She fears with every youngster under 18 included in the scheme, overstretched staff could fail to spot signs of abuse, leading to another case like Baby Peter or Victoria Climbie.
Ms Davidson spoke out as she revealed the Scottish Conservatives are to launch a fresh bid to stop the measure, which is included in the Children and Young People (Scotland) Act already passed by Holyrood.
Children’s Minister Aileen Campbell said that the Scottish Government had “no intention” of halting the legislation, which assigns a ‘’named person’’ – such as a teacher or health visitor – to look out for the welfare of children under 18.
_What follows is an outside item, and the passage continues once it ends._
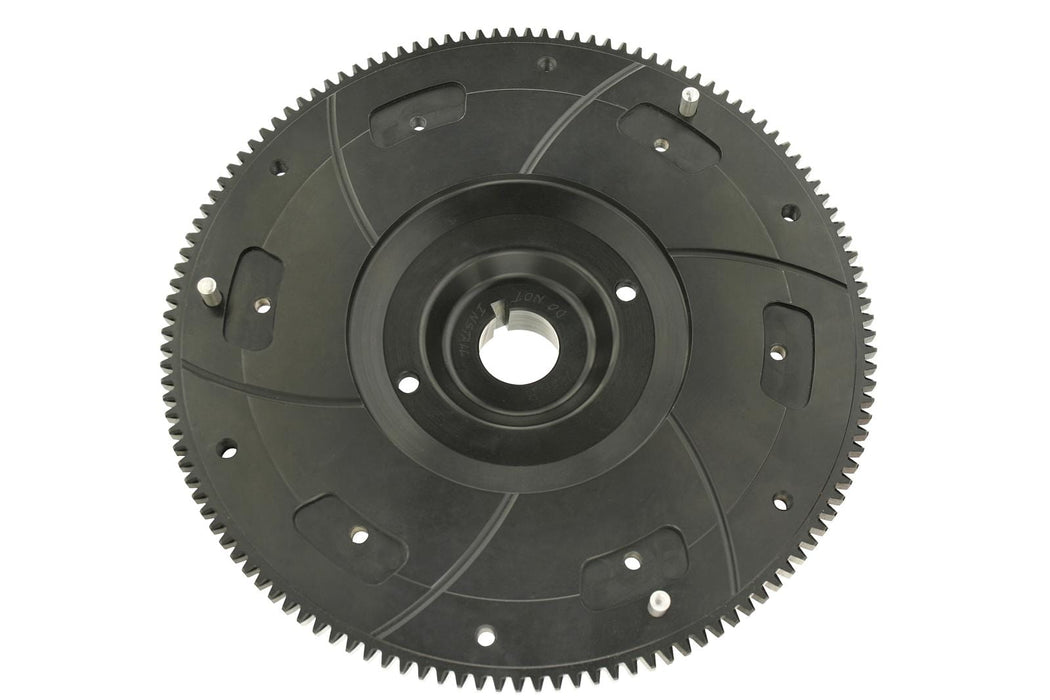 Quarter Master Quarter Master Flywheels 506520 Autofit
A legal challenge against the policy at Scotland’s top civil court failed earlier this year but the No To Named Persons campaign group has secured a hearing at the Supreme Court in London in March.
Writing in a Sunday newspaper, Ms Davidson said: “I think it is wrong that the government of a country can impose a guardian to watch over your child without consent and without reason to believe that child needs protection.
“It is a grave violation of the right to a family life, a provision which includes the right to the holding of private information.”
“By stretching resources so thinly that officials are desperately trying to cover every child in the country, it takes time, attention and resources away from those children who need it most. She added: “And this is my real concern. What happens when something goes wrong?
“When a child somewhere in Scotland who desperately needs help and intervention is overlooked as their ‘named person’ has dozens of other perfectly healthy and happy children on the books and can’t take the time for the child who needs it?
“It is not beyond imagining we could see a case of neglect or abuse in Scotland – a Victoria Climbie or Baby Peter – which results in tragedy.”
Authorities in the London borough of Haringey were criticised after the death of 17-month-old Peter Connelly in 2007, after he suffered more than 50 injuries over an eight month period when he was being seen by children’s services.
The Scottish Government stressed while the Named Person service would be available to all children and their parents, they would not be legally obliged to use it or take up any help offered.